Laporan yang diterbitkan di jurnal Neuroscience menjelaskan tentang banyaknya perawatan depresi yang didasarkan pada satu hipotesis tentang bagaimana gangguan mental muncul.
Penjelasan yang dikenal sebagai hipotesis monoamin menyatakan kadar zat kimia serotonin, norepinefrin, dan atau dopamin di otak tidak seimbang dan menyebabkan munculnya gejala depresi.
Dampaknya, mayoritas obat antidepresan dirancang berdasarkan ide tersebut, dengan tujuan untuk menormalkan kadar zat kimianya. Faktanya, sekitar 30 persen orang tidak mendapatkan perubahan yang menguntungkan dari perawatan tersebut.

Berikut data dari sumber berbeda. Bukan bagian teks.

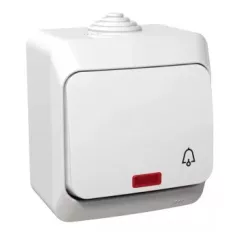   Schneider Electric Cedar Plus WDE000515 IP44 vízmentes egypólusú nyomó (N101), fehér, komplett szerelvény, falon kívüli, csengőjellel, jelzőfénnyel, vízmentes (IP44) 16A 250V ( WDE000515 ).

"Ini artinya kita butuh obat baru dan penjelasan lain terkait penyebab depresi," kata ahli saraf Yumiko Saito dilansir Newsweek, Senin (12/6/2018).

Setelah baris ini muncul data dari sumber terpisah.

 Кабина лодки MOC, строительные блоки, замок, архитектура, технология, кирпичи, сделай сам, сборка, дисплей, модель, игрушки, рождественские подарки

Saito dan rekannya Yuki Kobayashi kemudian menyoroti peran protein yang dikenal sebagai RGS8 dalam gejal depresi.
Penelitian sebelumnya menyebut semakin sedikit protein RGS8 yang dimiliki maka perilaku depresi akan meningkat.
Untuk membuktikannya, tim melakukan percobaan pada dua kelompok tikus. Salah satunya direkayasa secara genetik sehingga mereka memiliki lebih banyak RGS8 dalam sistem saraf, sementara kelompok tikus yang lain terdiri dari tikus normal.
Untuk menilai perilaku depresi, kedua kelompok tikus dipaksa berenang di air sementara para peneliti mengukur berapa lama mereka bergerak atau diam.
Hasilnya, tikus dengan lebih banyak protein RGS8 tidak bisa bergerak untuk waktu yang lebih singkat daripada tikus normal. Ini menunjukkan bahwa mereka kurang depresi.
"Tikus-tikus ini menunjukkan tipe depresi baru. Monoamin tampaknya tidak terlibat dalam perilaku depresi ini," kata Saito.
Dari temuan ini, mereka berpendapat RGS8 harus menjandi fokus untuk penelitian selanjutnya.
Dengan memahami peran RGS8, mereka percaya dapat mengembangkan obat antidepresan baru yang bermanfaat bagi pasien yang tidak terpengaruh dengan obat antidepresan umumnya.